Предстояло найти другое жилье, которое бы жильем вообще не считалось и, значит, могло быть занято без разрешения городских властей. Таковым тогда еще
оставались подмосковные дачи. Из всех ближних пригородов выбор пал на Сокольники — этот район по-прежнему считался дачной местностью. Выбор был не случайным: поблизости находилась Лефортовская тюрьма, где все еще томился Краснощеков. Чтобы носить ему передачи, Лиле и Луэлле не требовалось теперь преодолевать большие расстояния при помощи плохо работавшего городского транспорта.Удобств на даче, естественно, не было, их отсутствие компенсировалось большим пространством: целый дворец! Теперь у Бриков и Маяковского были четыре комнаты: гостиная, спальня, еще одна, миниатюрная — там в осенне-зимний сезон был угол для Маяковского, потому что четвертая комната, за ним закрепленная по общему уговору, не отапливалась, с окончанием лета ее запирали на висячий замок, забив ящиками и чемоданами. От ближайшей трамвайной остановки к даче надо было идти через безлюдный лес.
Всего лишь несколько лет назад огромные апартаменты со всеми удобствами в петроградской квартире на Жуковской никаким дворцом не казались. Советские критерии роскоши быстро вошли в жизнь и стали привычной нормой. Несмотря на отдаленность от города и трудности с транспортом, дача в Сокольниках всегда была полна гостей. Особенно часто бывали Пастернак и Шкловский, неизменные «спутники» Маяковского — поэты Николай Асеев и Семен Кирсанов, набивавшийся в друзья корреспондент агентства Гавас в Москве Жан Фонтенуа, которого обитатели и гости сокольнического дома насмешливо величали — на русский манер — Фонтанкин. С Фонтенуа Маяковский имел и встречи в Париже, — однажды, во время довольно загадочного мероприятия, о котором речь впереди, он служил ему переводчиком.
Маяковскому, похоже, дачный простор по душе не пришелся, Сокольникам он чаще предпочитал комнату в Лубянском — не только потому, что это был центр города: лефортовское соседство все время напоминало о том человеке, с которым ему выпал печальный жребий делить место в Лилином сердце. Был ли он, впрочем, уверен, что в этом сердце осталось для него хоть какое-то, пусть даже скромное, место?
Еще летом и ранней осенью 1924 года он отправился в большую поездку по Кавказу и Крыму — не только для выступлений, но и чтобы сменить обстановку, остаться наедине с собою. С собою — и со стихами. Стихи этого цикла отражают его душевные муки. «Ревность обступает скалой» — не просто поэтическая вольность. За каждым камнем ему чудится «любовник-бандит» — это тоже не только метафора… «Вот и любви пришел каюк, дорогой Владим Владимыч» — эти строки были написаны еще до его южной поездки, в июне того же года. Даже если бы и хотел, в стихах он солгать не мог.

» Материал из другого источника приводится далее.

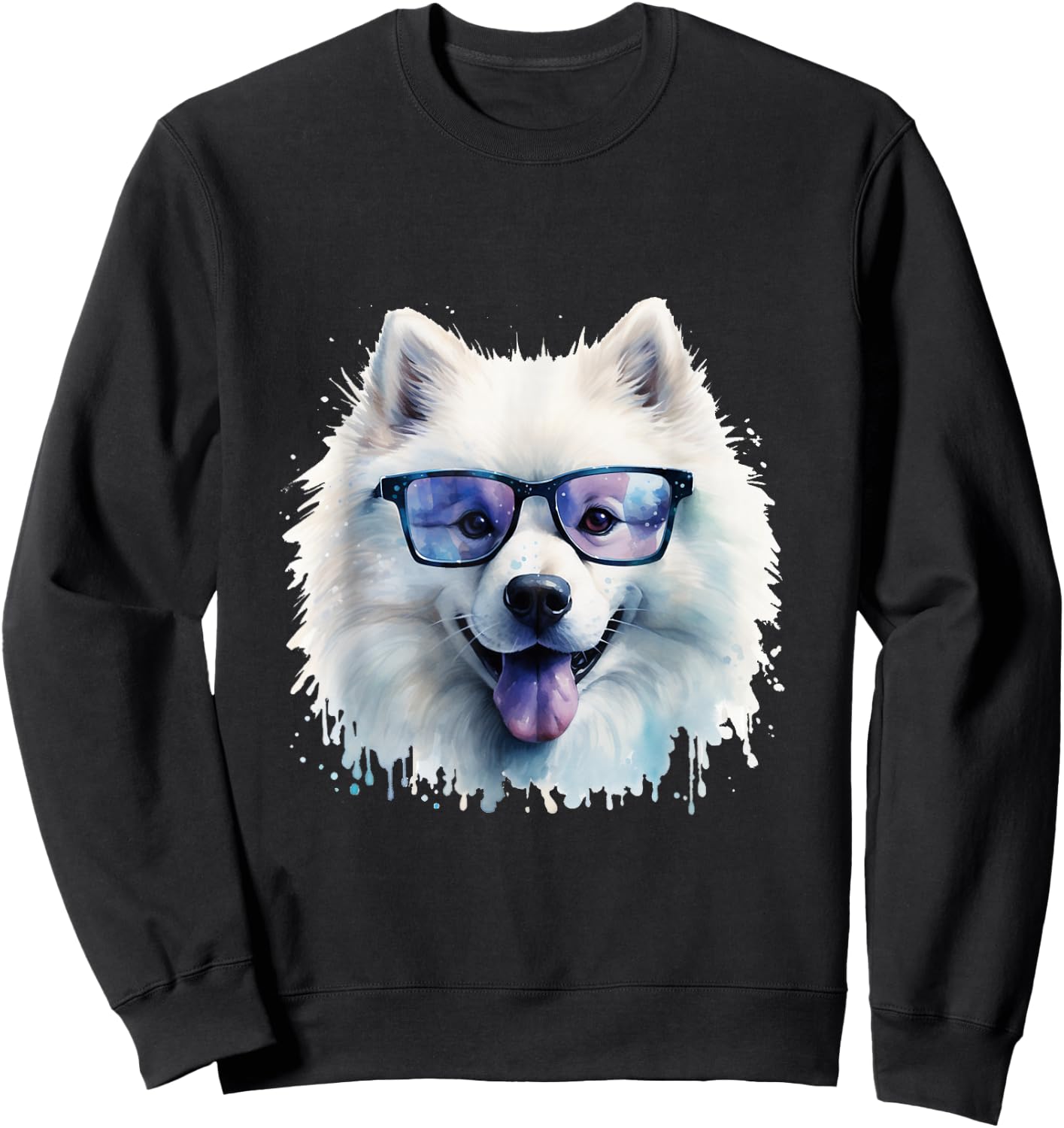 Samoyed Dog Wearing Glasses Watercolour Sweatshirt - Sweatshirt | Black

В конце октября Маяковский снова покинул Москву, отправившись в Париж через Ригу и Берлин. Собственно, даже не в Париж, а почему-то в Канаду — с остановкой в Париже. История крайне таинственная, к ней еще предстоит вернуться. Транзитную французскую визу ему уже в Париже заменили на другую — с правом кратковременного пребывания во Франции. Он сам не знал, зачем поехал, метался, ему и хотелось, и не хотелось назад. Даже при находящемся в тюрьме Краснощекове он чувствовал себя «третьим лишним».
Об этом — прямо и недвусмысленно — в его смятенном письме из Парижа: «УЖАСНО ХОЧЕТСЯ в Москву <…> Хотя — что мне делать в Москве? Писать я не могу, а кто ты и что ты, я все же совсем, совсем не знаю. Утешать ведь все же себя нечем, ты — родная и любимая, но все же ты в Москве и ты или чужая, или не моя. <…> Ужасно тревожусь за тебя. И за лирику твою, и за обстоятельства».